Tokyo Ghoul: un film solido e dal forte impatto visivo

Tokyo Ghoul è un film molto denso, concentrando nel relativamente breve volgere di un paio d’ore una storia molto lunga e articolata senza mai sembrare frettoloso o superficiale nella risoluzione dei problemi che solleva. Questo è possibile grazie alla buona sceneggiatura firmata da Ichiro Kisuno, capace di conferire al film un ottimo ritmo, nonostante qualche leggerezza narrativa in diverse scene. Kisuno rielabora sapientemente la prima parte del manga di Ishida mantenendo sempre molto saldo il controllo della sua creatura senza mai soccombere al numero di linee narrative parallele o di personaggi, quasi tutti molto credibili e ben diversificati dal copione. Ognuno dei personaggi principali ha un obiettivo, un desiderio e un ruolo più o meno ampio da giocare nell’economia della storia, e vengono abilmente mossi da Kisuno come pedine su una scacchiera per raggiungere il risultato finale.

Tokyo Ghoul cinematographe

Kaneki (Masataka Kubota) in una scena del film.

Il copione è portato in vita dall’ottima regia di Kentaro Hagiwara, che, nonostante qualche lieve caduta di stile, si dimostra molto abile sia nelle scene dialogate che nelle lunghe e frequenti sequenze d’azione. Se la sceneggiatura tratteggia i personaggi e il loro sviluppo, la regia si sofferma molto di più sulla mostruosità della loro natura, concentrandosi soprattutto su Kaneki: Hagiwara indugia costantemente sul cibo e sulla sua ingestione, con dettagli dei piatti e delle bocche in movimento in una fissazione orale quasi freudiana che rende fisico il senso di disgusto provato da uomini e ghoul circa le reciproche diete. Nelle scene di combattimento dimostra poi una grande vivacità seguendo le fantasiose acrobazie dei protagonisti, rese possibili anche dagli ottimi effetti speciali che danno il meglio di sé nella creazione e animazione dei poteri dei ghoul, come la loro agilità e le loro letali appendici.

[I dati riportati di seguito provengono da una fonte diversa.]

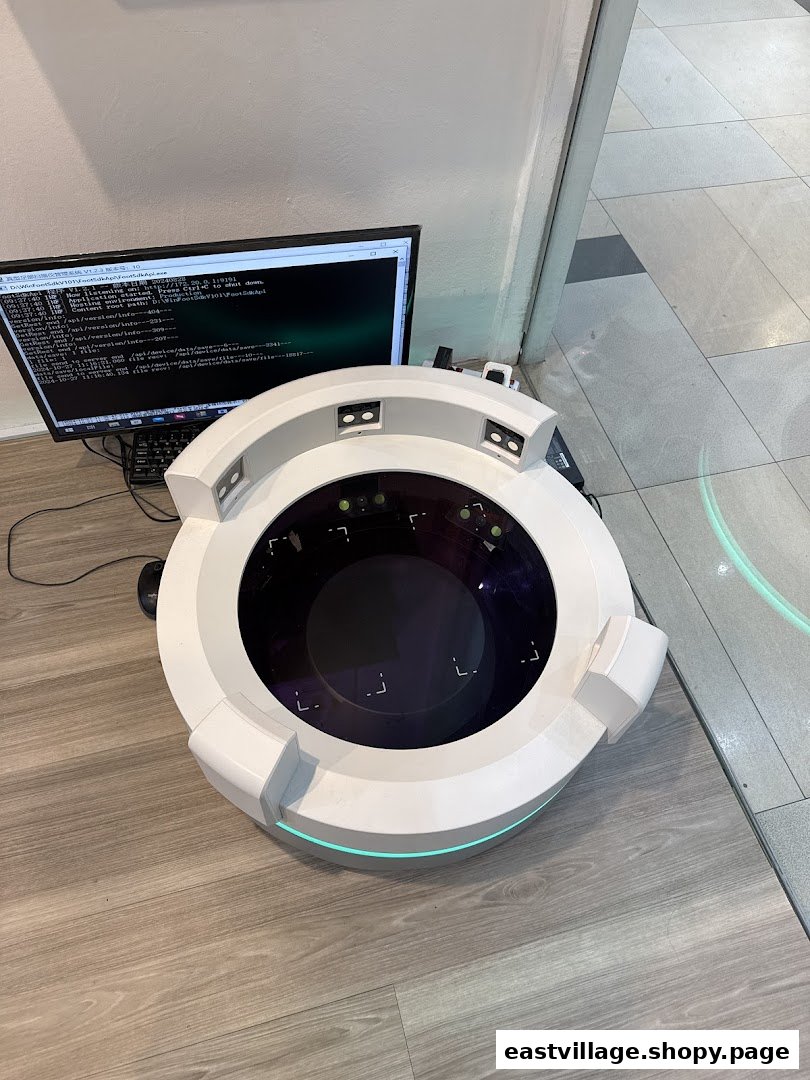 A modern foot scanning device with a computer monitor, likely for custom insole creation.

Tokyo Ghoul è un film dall’estetica eccezionale grazie all’ottima fotografia che segue non solo l’evoluzione della storia, ma anche quella dei personaggi. Sempre molto naturale, la fotografia riesce comunque a trasfigurare le ambientazioni da una scena all’altra, rendendo Tokyo un paesaggio quasi onirico in cui l’apparizione dei ghoul non sembra solo possibile ma addirittura probabile.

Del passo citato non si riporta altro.